Berbagai organisasi yang sampai sekarang masih dipersoalkan oleh MUI20 di Indonesia
antara lain Jemaat Ahmadiyah Indonesia, Lembaga Dakwah Islam Indonesia, Al-Jami`ah al-
Islamiyah. Selain dari itu pula, terdapat organisasi lain yang dipandang bertendensi politik,
yaitu Front Pembela Islam (FPI),21 Majelis Mujahidin Indonesia (MMI), Hizbut Tahrir
Indonesia (HTI), Ikatan Jemaah Ahlulbait Indonesia (IJABI), Jama’ah Islamiyah (JI),
Lasykar Jihad, Forum Komunikasi Ahli Sunnah Waljama`ah. Di samping itu, di berbagai
daerah muncul pula paham-paham yang berbeda dari mainstream umat Islam Indonesia
seperti shalat dengan bahasa Indonesia, aliran Ali Taitang di Banggai Kepulauan Sulawesi
Tenggara, Islam Waktu Telu di Nusa Tenggara Barat. Dalam konigurasi gerakan-gerakan di
Indonesia, sering tuduhan sebagai gerakan radikal dialamatkan kepada umat Islam,
sebagaimana kasus yang terjadi di Maluku dan Poso akibat ulah dari sekelompok kecil umat
yang menyatakan dirinya sebagai Muslim. Penyimpangan yang paling menonjol sebagai
berasal, dari kelompok-kelompok pengajian tarekat. Dalam pengajian ini sangat ditekankan
kepatuhan kepada guru, sehingga dapat mengorbankan apa saja yang disukai untuk
disumbangkan kepada guru. Kelompok tarekat sesungguhnya adalah suatu upaya pensucian
diri dari berbagai perbuatan maksiat. Oleh karena itu, mereka selalu merindukan untuk
melakukan pensucian diri dari dosa (takhalli), menghiasi diri dengan berbagai pakaian orang
takwa (tahalli), dan berusaha menampakkan diri sebagai fenomena dari nilai-nilai ketuhanan
(tajalli). Di antara kelompok tarekat yang tanggung kemudian menjelma menjadi aliran
kepercayaan, karena hanya menekankan kepada aspek hakikat tanpa memperhatikan aspek
syariat.
Tipe hubungan antara diferensiasi agama dengan organisasi keagamaan (Ronald Roberston):
a) Tipe 1 adalah hubungan agama dengan masyarakat luas, terdapat dibagian dunia industry.

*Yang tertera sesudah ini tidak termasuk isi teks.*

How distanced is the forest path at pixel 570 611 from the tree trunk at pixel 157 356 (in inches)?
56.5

Agama secara organisasi terpisah dari kehidupan ekonomi, politik dan pendidikan.
b) Tipe 2 adalah secara historis sering terdapat di kerajaan yang menganut agama negara, dan
system birokratis sentral seperti mesir yang mempunyai kecendrungan melaksanakan
teokrasi secara ketat. Agama terorganisir pada tingkat pemerintahan difusikan dalam
kehidupan politik, ekonomi, pendidikan dan kegiatan lain. Hal itu juga terdapat pada
masyarakat Roma Katolik pada zaman modern seperti di daerah Portugal dan Spanyol.
Demikian pula beberapa masyarakat muslim, melihat tipe ini. Masyarakat muslim umumnya
cenderung diorganisir relative tidak memisahkan kegiatan agama dan non-agama.
c) Tipe 3, relative jarang, contohnya adalah kelompok pengikut sekte agama di Amerika
Serikat yang terpisah dari suasana aktivitas yang terorganisir, hanya menyebarkan literature
agama dan sewaktu-waktu berkumpul.
d) Tipe 4 terdapat di masyarakat primitif, dimana diantara kegiatan agama dan kegiatan
lainnya erat hubungannya. Agama tidak terpisah dari kegiatan lainnya. Tetapi tidak ada
organisasi keagamaan yang khusus terpisah.